*** Begin section ***

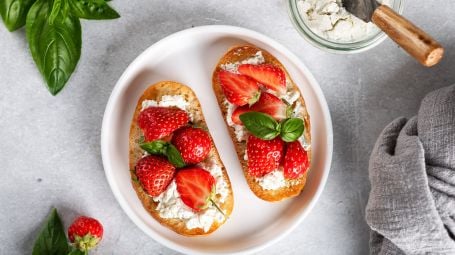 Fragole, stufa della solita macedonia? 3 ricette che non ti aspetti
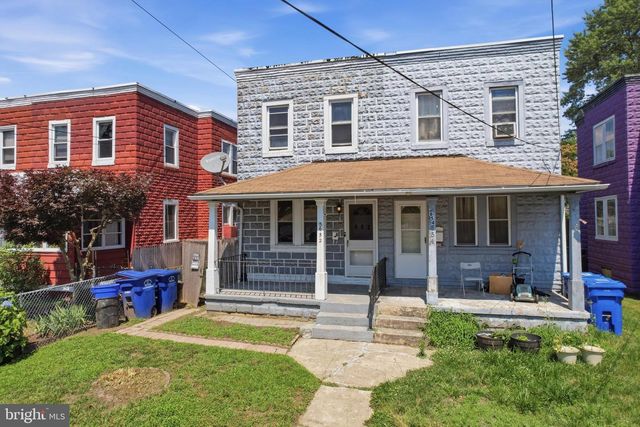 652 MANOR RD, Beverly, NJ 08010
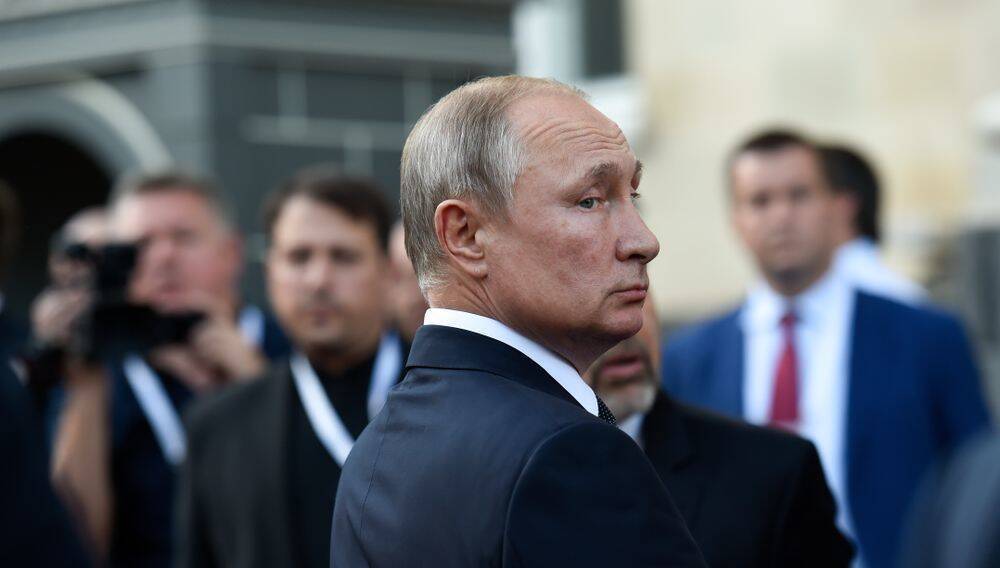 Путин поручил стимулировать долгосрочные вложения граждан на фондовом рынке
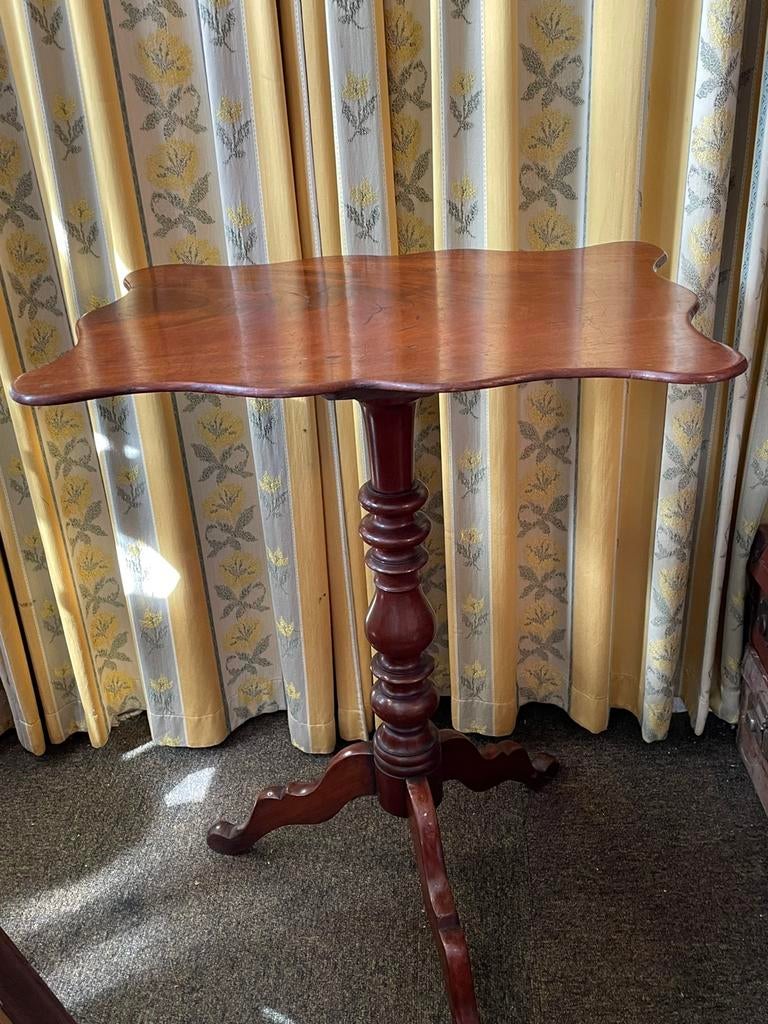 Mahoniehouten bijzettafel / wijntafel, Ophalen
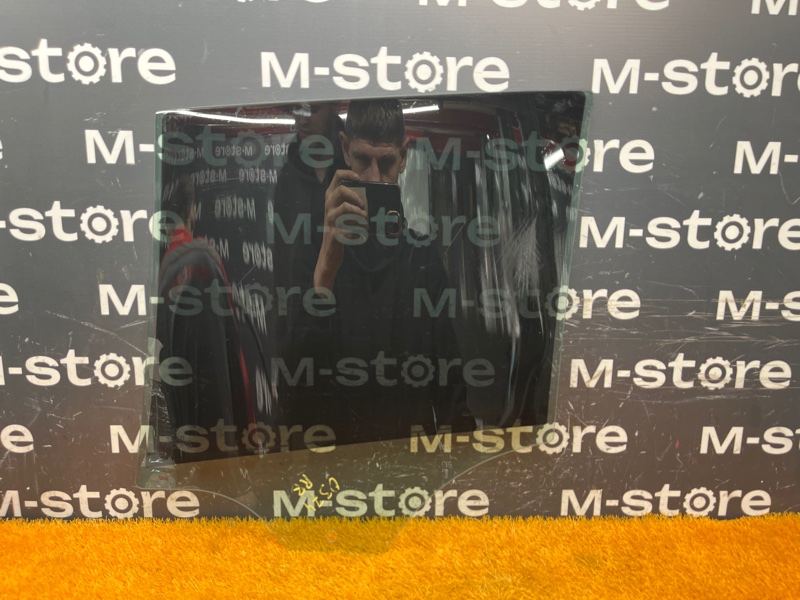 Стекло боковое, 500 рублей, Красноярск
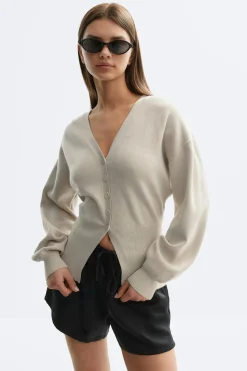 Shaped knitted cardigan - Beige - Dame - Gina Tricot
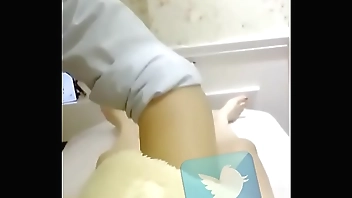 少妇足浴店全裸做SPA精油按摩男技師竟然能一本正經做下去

*** End section ***

### Your goal
Return exactly the line containing "Mahoniehouten bijzettafel /" and every line after it, up to and including the final line of the entries above. Pictures stay out.

### Answer for the task
 Mahoniehouten bijzettafel / wijntafel, Ophalen
 Стекло боковое, 500 рублей, Красноярск
 Shaped knitted cardigan - Beige - Dame - Gina Tricot
 少妇足浴店全裸做SPA精油按摩男技師竟然能一本正經做下去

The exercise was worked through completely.